3 of 69 comments (clear)

  1. This sounds to me like a misunderstanding... by joto · · Score: 3, Interesting
    The boss (who is very technically astute) says: NO to using pthreads in any of our production applications. He wants us to do things the old fashion way (fork(), exec(), shared memory, etc).

    I applaud your boss for his decision. There are many disadvantages of using threads, that I'm more than sure your boss knows about. See e.g. this discussion for more detail.

    Now, granted, some applications will also benefit enough from threads to outweigh those disadvantages. It is rare, but it happens.

    What I'm looking for are document technically detailed yet directed more towards management. Not something on the level of 'pthreads for Dummies', but more along the lines of 'pthreads for Managers'. Any suggestions? URLs or Books are fine."

    If you have a boss that already knows enough technical stuff to micromanage your project in this way, I'm sure he is capable of googling out a pthread introduction himself. What you should be focusing on is explaining exactly why your projects needs threads, and why fork()/exec() won't cut it. This may also result in you accepting his decision, but that is as it should be.

  2. Re:But separate processes ARE better. by Anonymous Coward · · Score: 1, Interesting

    >> Forking has a context switch to deal with. That's a fact. Now if I was doing some heavy mathematical computation that required new processes every second for a long period of time, threads would win out.

    Thread creation must have a context switch too... and even more, threads on linux are in fact processes. Process creation on modern Unixes is very cheap. (Windows is a totally different story - process creation is way more expensive than thread creation - that's why they push the concept of threads so agressively). AFAIK Threads are not really a big win in most cases. Sometimes, an user level thread implementation may be faster than a kernel thread implementation. (Read about KSE on FreeBSD and you'll know why). Threads are a win only if you're running on a SMP box, and even then, you must be careful how to use them(coarse locking vs fine grained locking).

    As for programming concepts, threads may sometimes be a more elegant solution than using a state machine(threads vs socket multiplexing with select() for example).

    >>If i need to split off the process once per day, forking is fine.

    Bullshit.

    >> It's extra work for using threads, but isn't it worth it if you save thousands of context switches on fork()ing per second if you need to do parallel processing to that scale?

    As I said earlier, even threads have conext switches(depending on the implementation, a thread context switch might be cheaper(LWP on Solaris) than a process context switch, but it's a context switch in either case). Only when you're using some sort of user-level threads (ex. GNU/pth) you're context-switch free, but you cannot run on SMP.

    People mistankely think that using threads will increase performance, but it's not true for many cases.

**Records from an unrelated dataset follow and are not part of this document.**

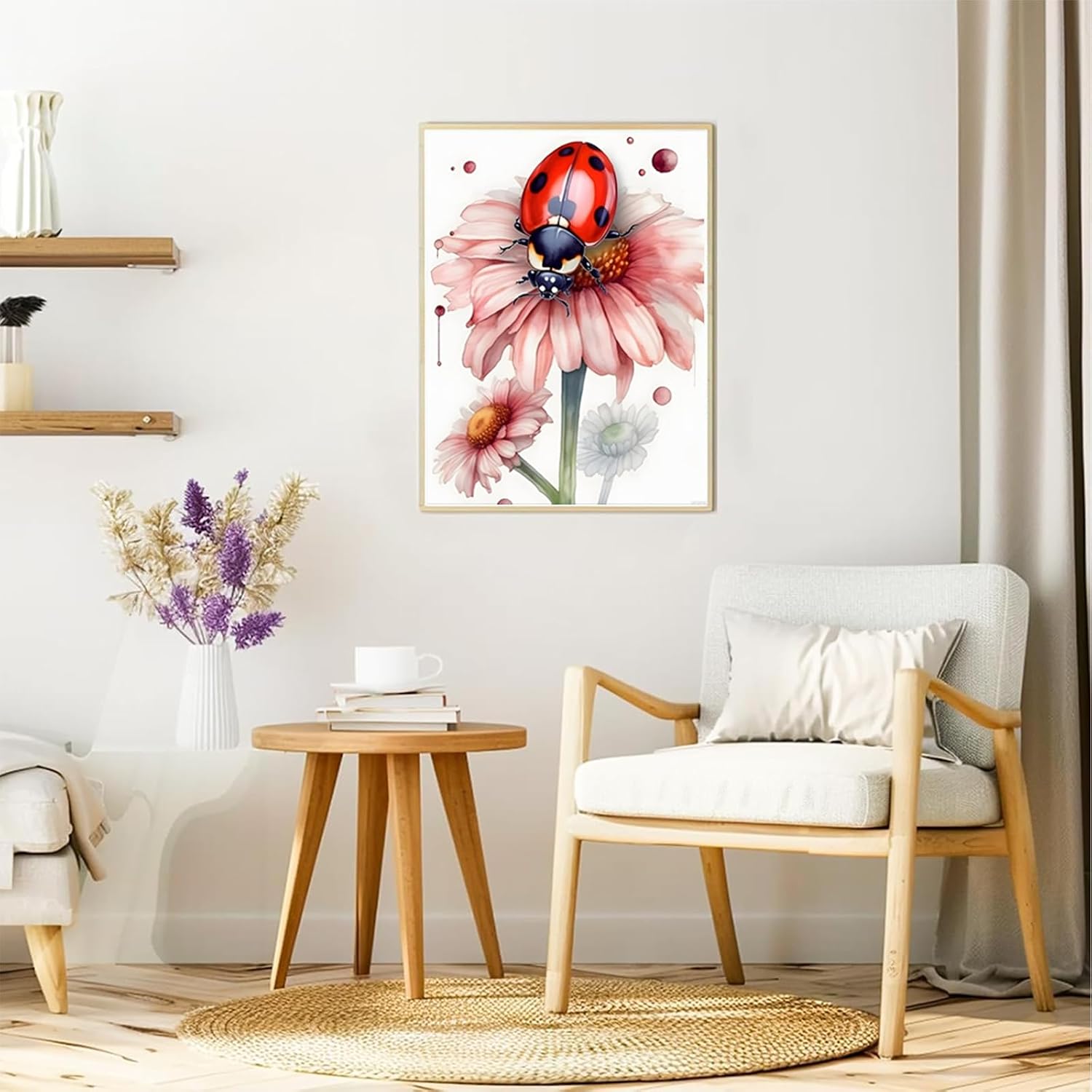 EATUKYIC DIY 5D Ladybug on Pink Flower Diamond Painting Kit for Adults Full Diamond Round Gemstone Art Watercolor Insects Aesthetics Painting, Suitable for Home Bedroom Wall Decor 12x16 inch image 2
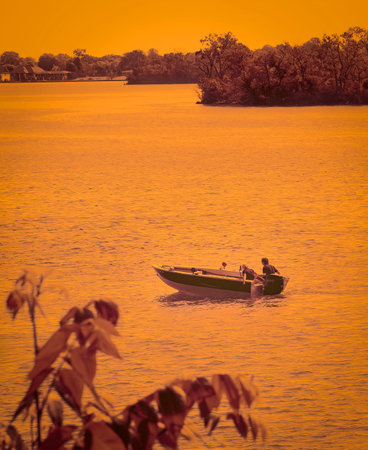 Sunset fishing on Detroit River southの写真素材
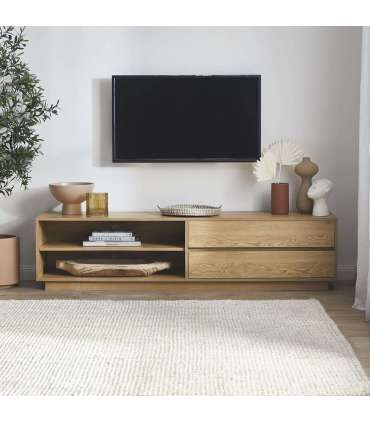 TV laud SACHA 180x40xH43cm, tammedekooriga melamiin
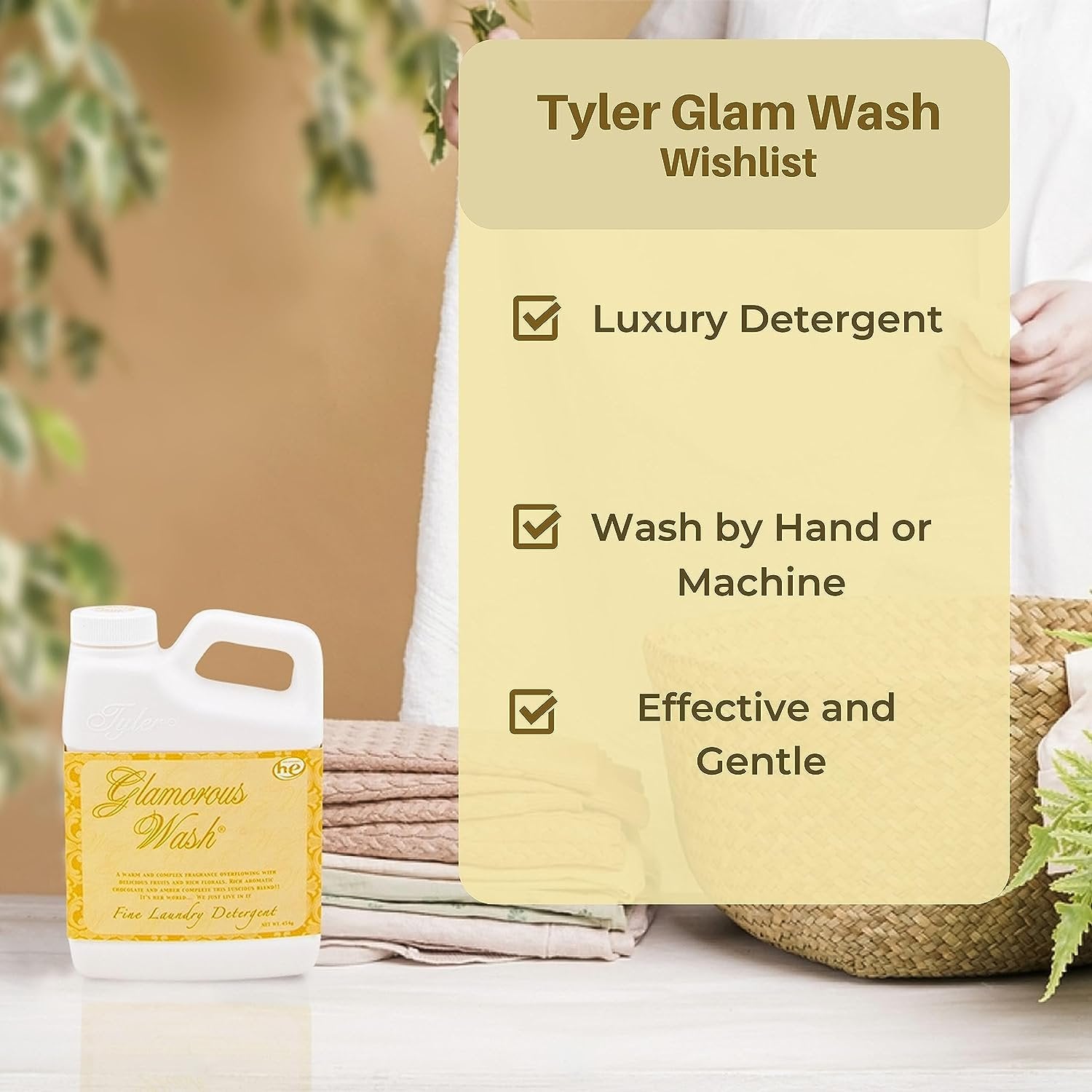 Worldwide Nutrition Bundle, 2 Items: Tyler Glamorous Wash Wishlist Scent Fine Laundry Liquid Detergent - Hand and Machine Washable - 16 oz, 454-gram Container and Multi-Purpose Key Chain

  3. Re:But separate processes ARE better. by sporty · · Score: 3, Interesting
    >>If i need to split off the process once per day, forking is fine.

    Bullshit.


    Some context switches are cheaper than others :P Point being, fork has had a long running history of more expensive context switches copying code from a written to memory block and process creation vs threads. :P

    This is the only time I'll respond to an AC since "bullshit" is apparently an argument now-a-days.